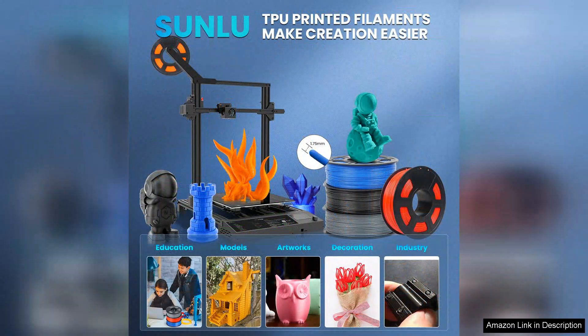Overall, the Sunlu TPU Filament 1.75mm is an excellent choice for anyone looking to explore flexible 3D printing. Its combination of quality, versatility, and ease of use makes it a fantastic addition to your filament collection. Whether you're a novice or an experienced user, I highly recommend giving it a try — it's sure to elevate your 3D printing experience.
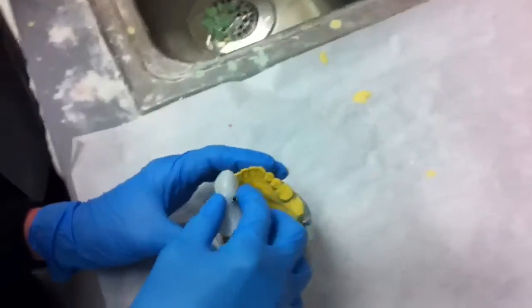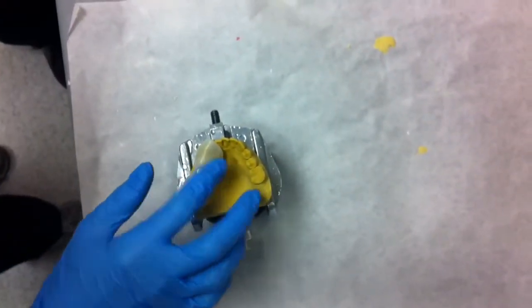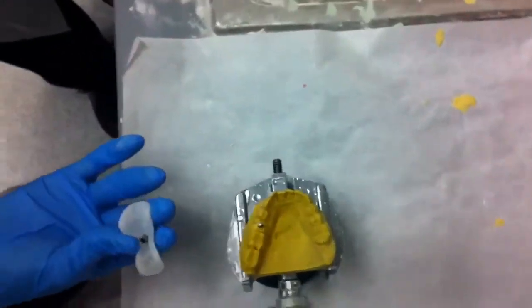Let's put it back down and make sure we're still happy. I think it's happy — I think it worked. Perfect. Now look inside and make sure you can see teeth. That's happy.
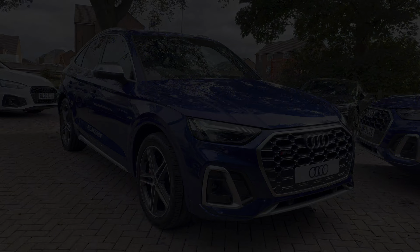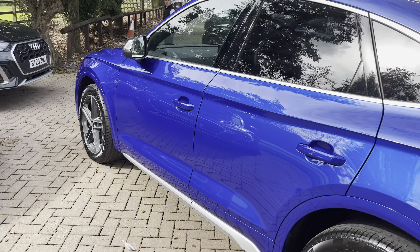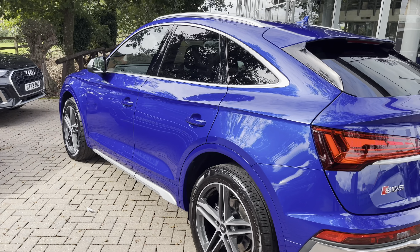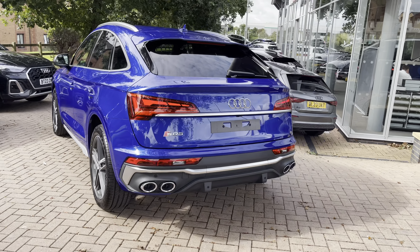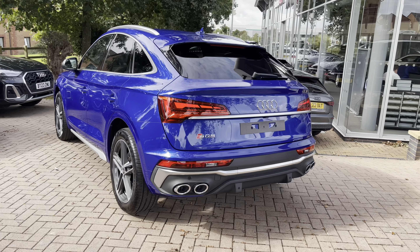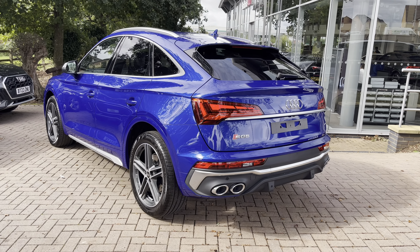Before the vehicle is handed over to you, it will have undergone a full pre-delivery inspection to ensure it is up to Audi's exacting standards. From the 3.0-litre diesel engine, you can expect a 0-62mph time of approximately 5.1 seconds and up to 33.2–34.4 miles per gallon combined, showing that this vehicle absolutely aces both performance and economy.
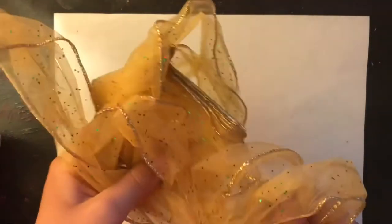Hi, I'm going to be doing a video right now and we're going to be doing crafts. We're going to be making a DIY marble and mesh.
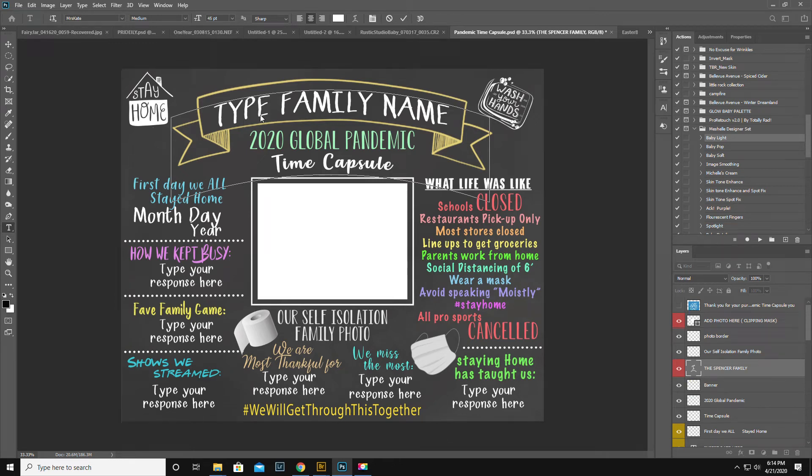Hey guys, this is Kirsten Spencer. I just got my hands on this time capsule template from Jennifer Earle and I'm gonna have a little look at it here.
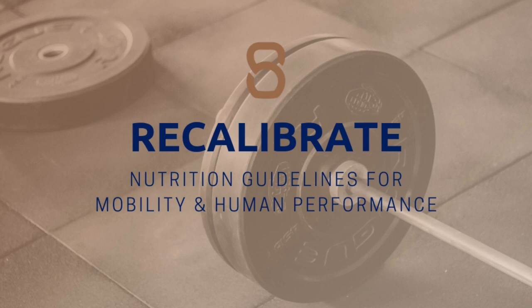Make sure you take a moment to drop by the description and grab your free copy of Recalibrate — my nutrition guidelines for mobility and human performance. This is gonna have you dropping fat, gaining muscle, working to resolve any pain issues, setting you up to prevent injury in the long run, as well as optimizing your overall athletic potential.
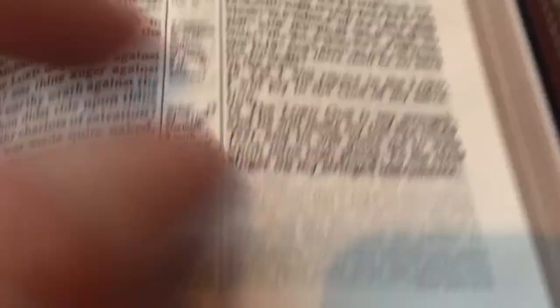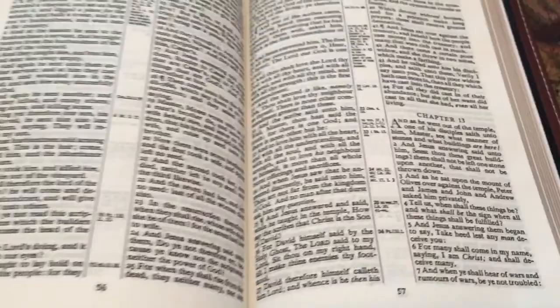Here we are in the book of Mark. Like I said, this is not a red letter — it's all black letter. And here is Hebrews.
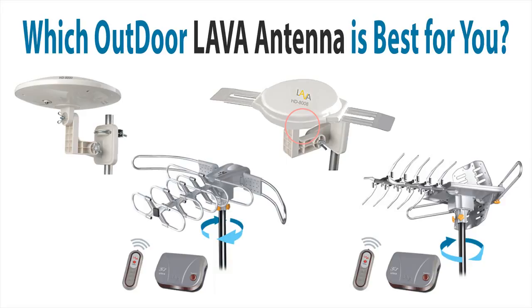Lava makes several great outdoor antennas. Let's take a look at each and decide which one might be best for you.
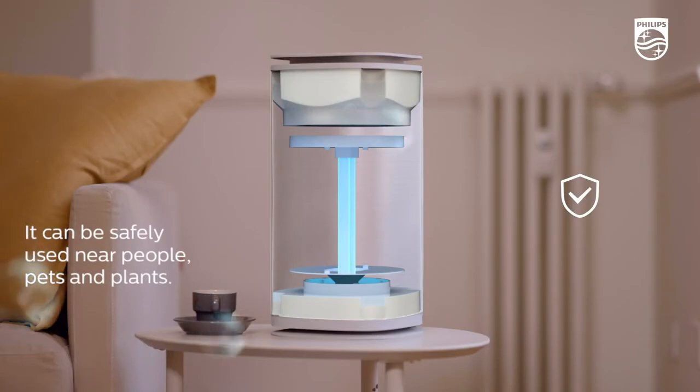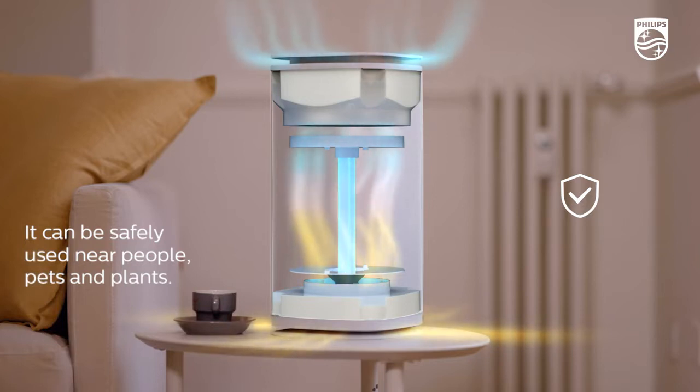With a portable, lightweight design that can be safely used near people, pets, and plants, the Philips UVC Disinfection Air Cleaner is the perfect fit for any room.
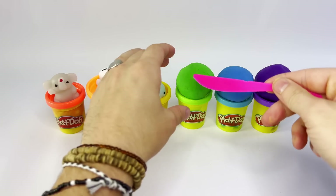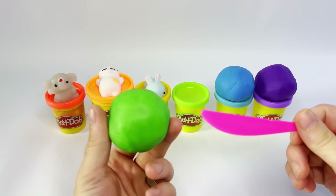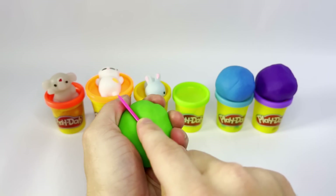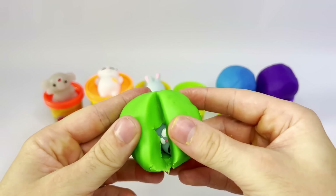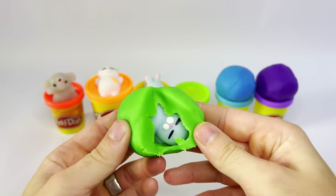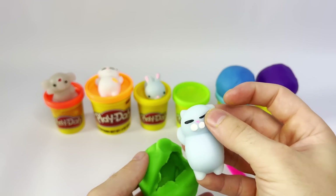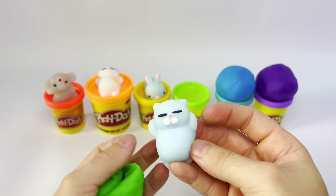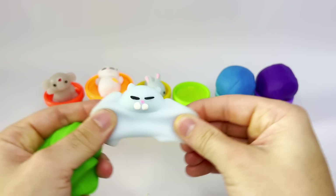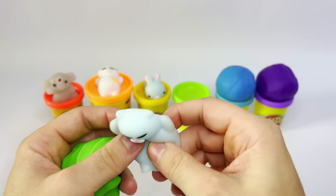All right, guys, let's go on to the green sphere. Whoa, it's not as big as the orange and yellow one, but it is definitely big. Let's see what's inside of here, guys. Boom. Let's see — what is that? Whoa, oh, it's another kitty cat! Dude, what are you doing inside the green Play-Doh, kitty? So crazy. Look at this. That is so cool. Man, I love these toys.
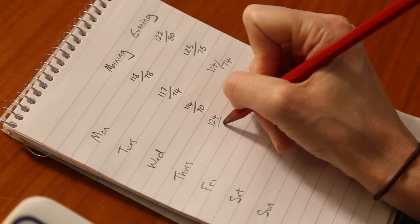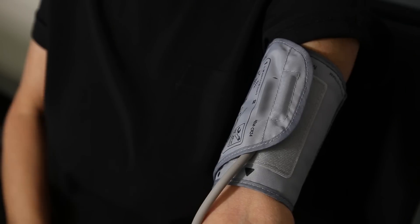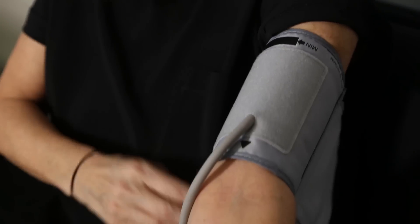Write your measurements down with the date and the time. Wait a couple of minutes and take another measurement. If you find there's a big difference, wait a few more minutes and do it again.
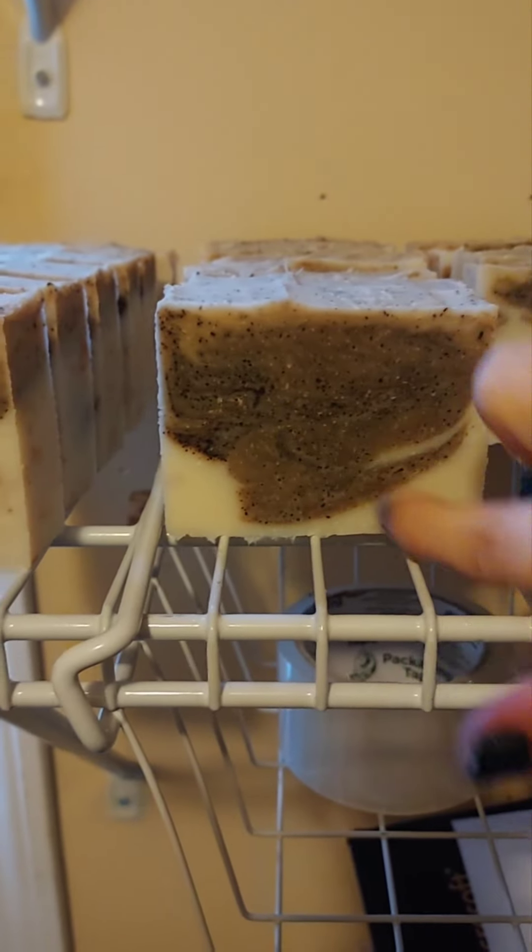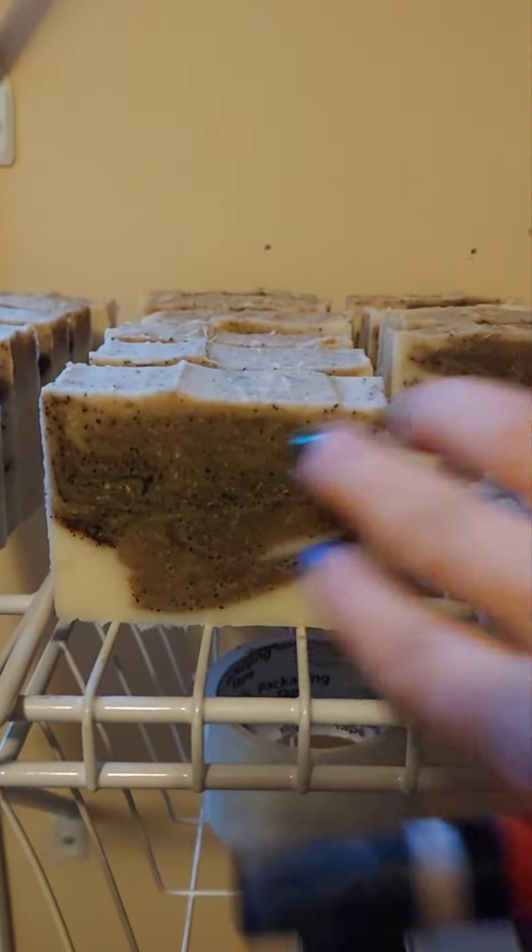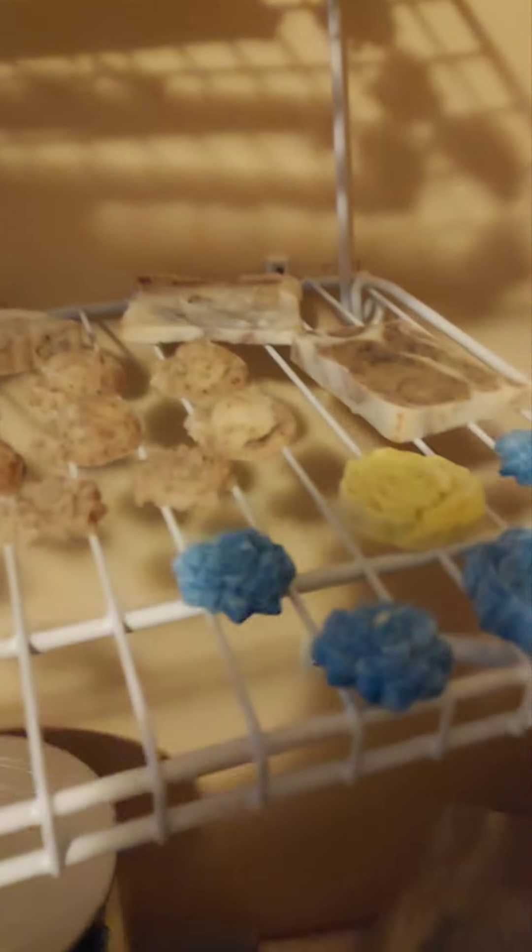Let me show you a couple of things I've gotten done. I have some coffee con leche soaps — this part is coffee and this part is coconut milk soap, and the dots in there are coffee grounds for extra exfoliation. These are my Pixie Garden soaps. I have a whole lot of little soaps and they're all going to be packaged up just as soon as they're done curing — various shapes over here.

> [What you need to do] Leave out the pictures and copy every record above exactly.

> [Solution for this exercise]
Overall, the Sunlu TPU Filament 1.75mm is an excellent choice for anyone looking to explore flexible 3D printing. Its combination of quality, versatility, and ease of use makes it a fantastic addition to your filament collection. Whether you're a novice or an experienced user, I highly recommend giving it a try — it's sure to elevate your 3D printing experience.
Let's put it back down and make sure we're still happy. I think it's happy — I think it worked. Perfect. Now look inside and make sure you can see teeth. That's happy.
Before the vehicle is handed over to you, it will have undergone a full pre-delivery inspection to ensure it is up to Audi's exacting standards. From the 3.0-litre diesel engine, you can expect a 0-62mph time of approximately 5.1 seconds and up to 33.2–34.4 miles per gallon combined, showing that this vehicle absolutely aces both performance and economy.
Hi, I'm going to be doing a video right now and we're going to be doing crafts. We're going to be making a DIY marble and mesh.
Hey guys, this is Kirsten Spencer. I just got my hands on this time capsule template from Jennifer Earle and I'm gonna have a little look at it here.
Make sure you take a moment to drop by the description and grab your free copy of Recalibrate — my nutrition guidelines for mobility and human performance. This is gonna have you dropping fat, gaining muscle, working to resolve any pain issues, setting you up to prevent injury in the long run, as well as optimizing your overall athletic potential.
Here we are in the book of Mark. Like I said, this is not a red letter — it's all black letter. And here is Hebrews.
Lava makes several great outdoor antennas. Let's take a look at each and decide which one might be best for you.
With a portable, lightweight design that can be safely used near people, pets, and plants, the Philips UVC Disinfection Air Cleaner is the perfect fit for any room.
All right, guys, let's go on to the green sphere. Whoa, it's not as big as the orange and yellow one, but it is definitely big. Let's see what's inside of here, guys. Boom. Let's see — what is that? Whoa, oh, it's another kitty cat! Dude, what are you doing inside the green Play-Doh, kitty? So crazy. Look at this. That is so cool. Man, I love these toys.
Write your measurements down with the date and the time. Wait a couple of minutes and take another measurement. If you find there's a big difference, wait a few more minutes and do it again.
Let me show you a couple of things I've gotten done. I have some coffee con leche soaps — this part is coffee and this part is coconut milk soap, and the dots in there are coffee grounds for extra exfoliation. These are my Pixie Garden soaps. I have a whole lot of little soaps and they're all going to be packaged up just as soon as they're done curing — various shapes over here.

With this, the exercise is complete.